Captioned web image data
⁂

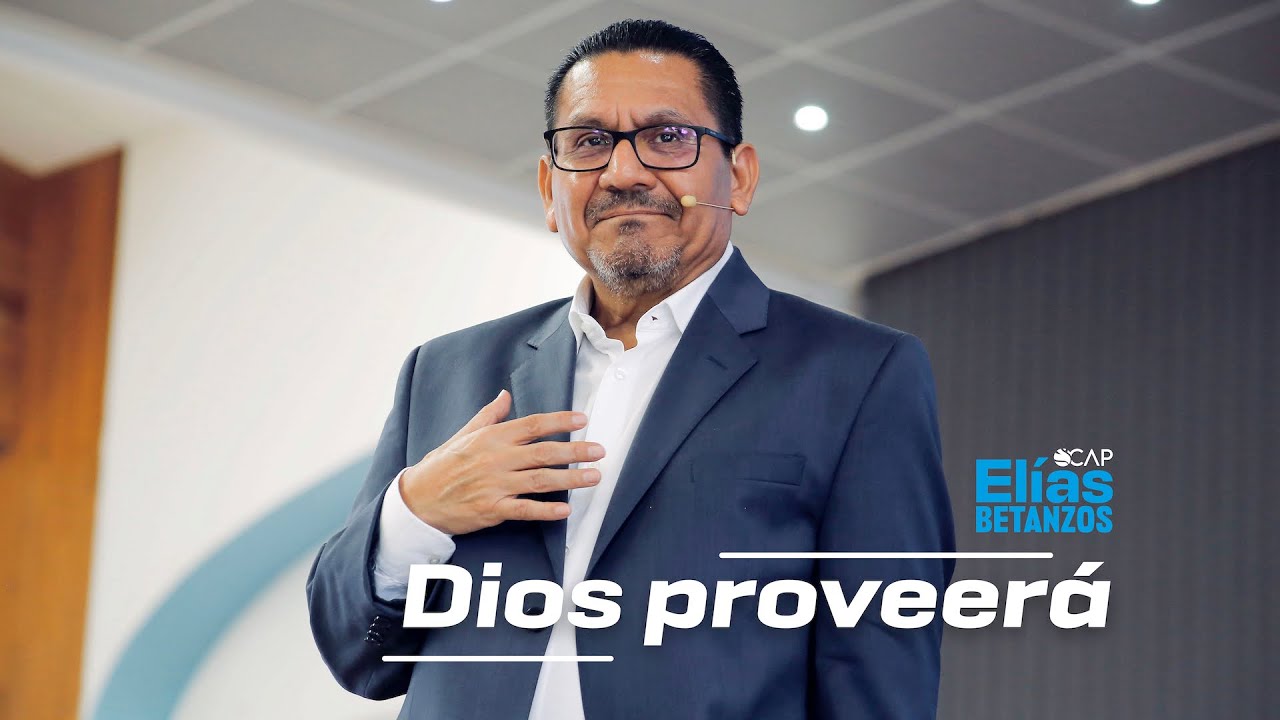 Dios proveerá | Elías Betanzos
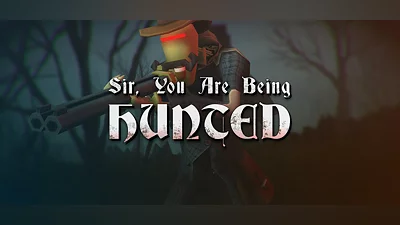 Sir, You Are Being Hunted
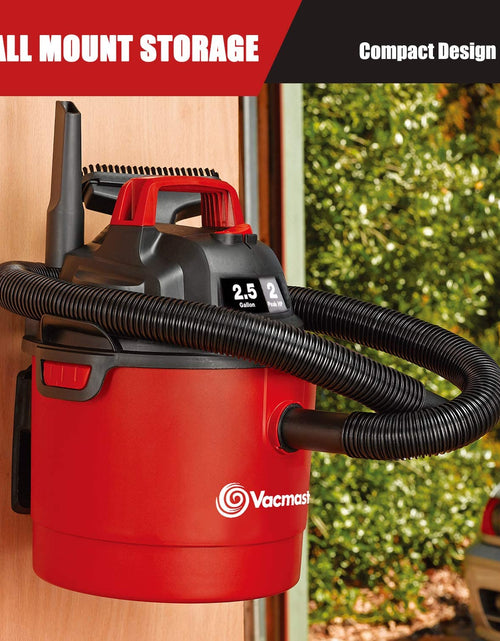 Load image into Gallery viewer, 2.5 Gallon Shop Vacuum Cleaner 2 Peak HP Power Suction Lightweight 3-In-1 Wet Dry Vacuum with Blower &amp; Wall Mount Design for Cleaning Car, Boat, Pet Hair, Hard Floor
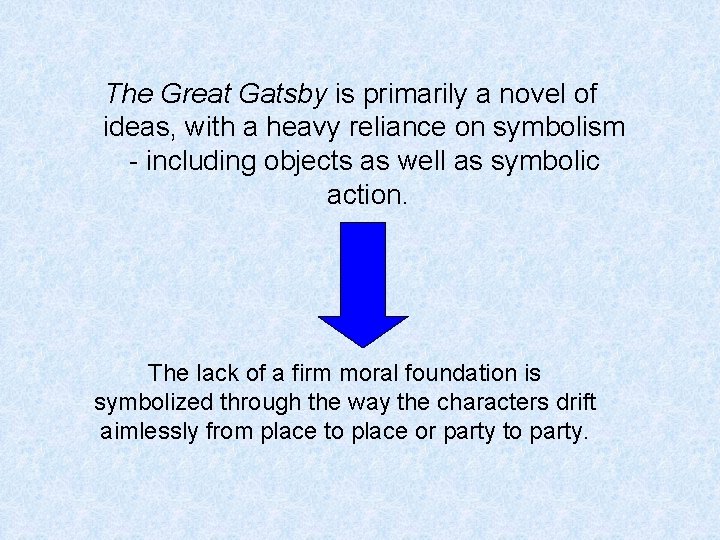 The Great Gatsby is primarily a novel of ideas, with a heavy reliance on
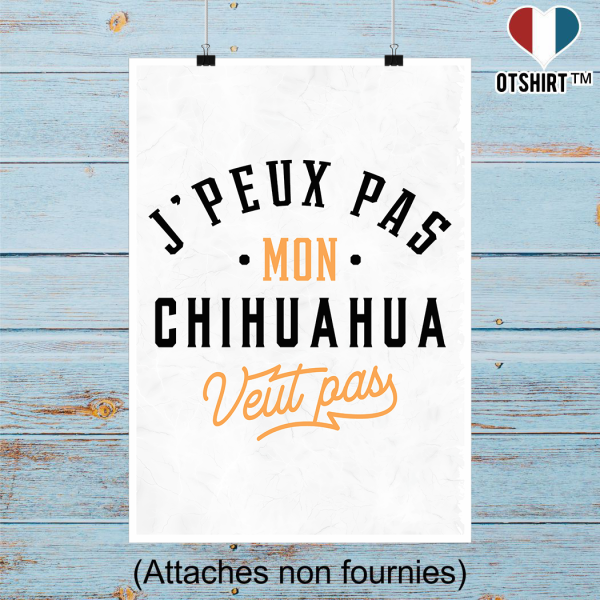 Affiche j peux pas chihuahua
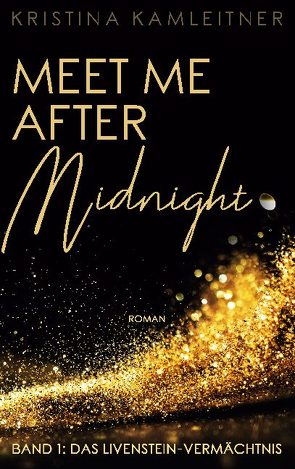 Meet Me After Midnight von Kamleitner,  Kristina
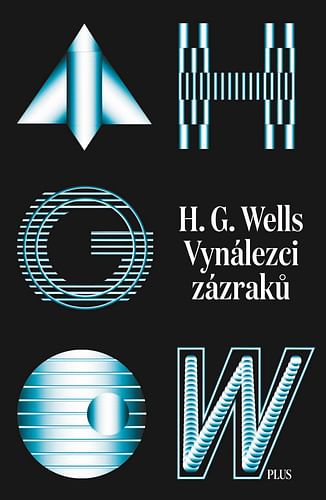 Vynálezci zázraků - Sebrané povídky H. G. Wellse: Svazek I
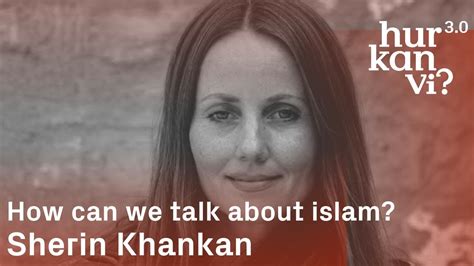 Sherin Khankan How Can We Talk About Islam Youtube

⁂

Leave out the pictures and return every record word for word.

## Solved problem
 Dios proveerá | Elías Betanzos
 Sir, You Are Being Hunted
 Load image into Gallery viewer, 2.5 Gallon Shop Vacuum Cleaner 2 Peak HP Power Suction Lightweight 3-In-1 Wet Dry Vacuum with Blower &amp; Wall Mount Design for Cleaning Car, Boat, Pet Hair, Hard Floor
 The Great Gatsby is primarily a novel of ideas, with a heavy reliance on
 Affiche j peux pas chihuahua
 Meet Me After Midnight von Kamleitner,  Kristina
 Vynálezci zázraků - Sebrané povídky H. G. Wellse: Svazek I
 Sherin Khankan How Can We Talk About Islam Youtube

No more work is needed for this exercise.